● **Exercise description**
If a line below falls between the line with "14K solid gold wheat chain" and the line with "レンコンとタコを炒めておしゃれなマリネに レシピ 作り方", or is one of those two, output it exactly; output nothing else and no pictures.

● **Data for the task**

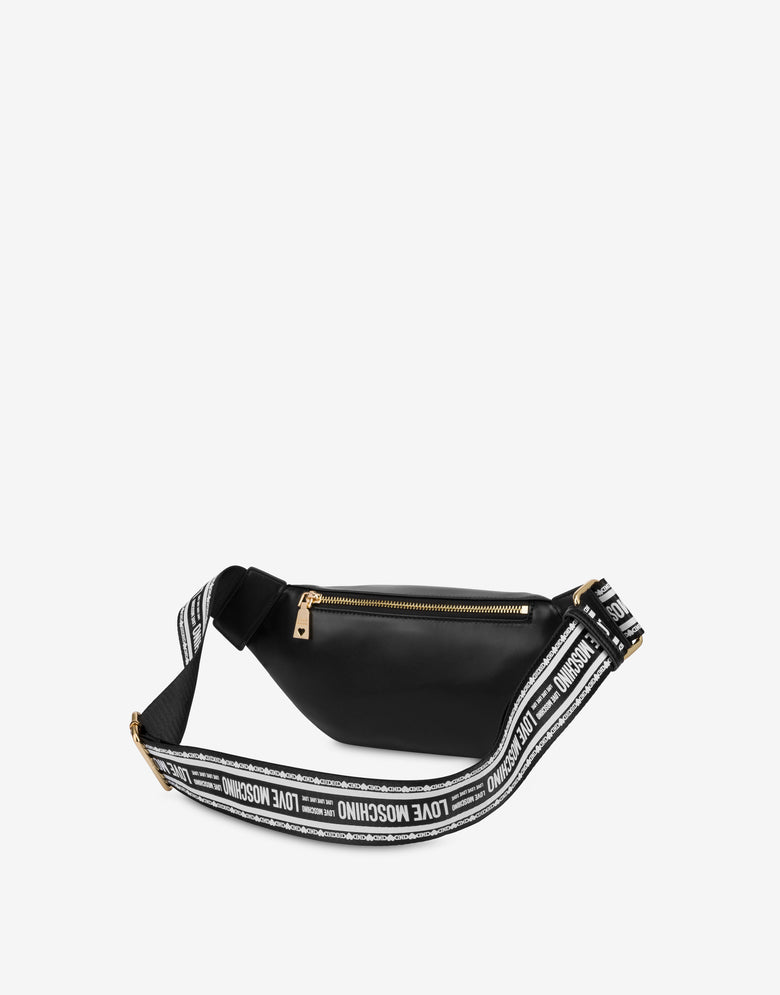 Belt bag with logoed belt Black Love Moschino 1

==

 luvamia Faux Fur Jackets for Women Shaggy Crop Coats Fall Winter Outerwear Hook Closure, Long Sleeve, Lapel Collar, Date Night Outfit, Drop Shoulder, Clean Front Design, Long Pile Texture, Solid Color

...

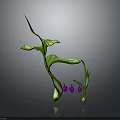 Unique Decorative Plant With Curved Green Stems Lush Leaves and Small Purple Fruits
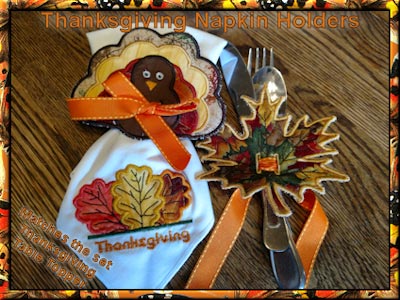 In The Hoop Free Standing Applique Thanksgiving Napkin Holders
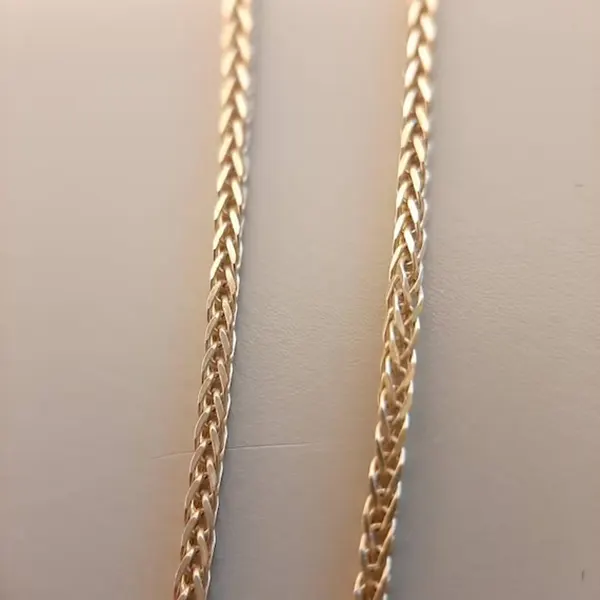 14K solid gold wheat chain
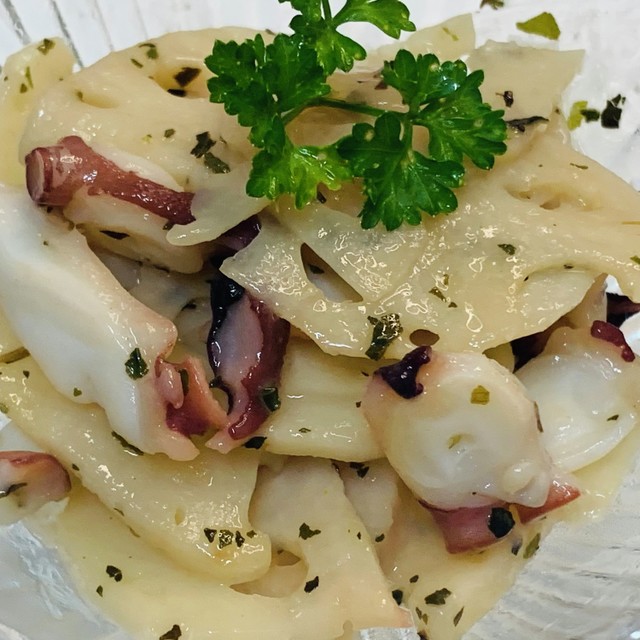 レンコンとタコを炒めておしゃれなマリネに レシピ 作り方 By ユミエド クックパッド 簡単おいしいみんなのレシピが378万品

● **Response for this exercise**
 14K solid gold wheat chain
 レンコンとタコを炒めておしゃれなマリネに レシピ 作り方 By ユミエド クックパッド 簡単おいしいみんなのレシピが378万品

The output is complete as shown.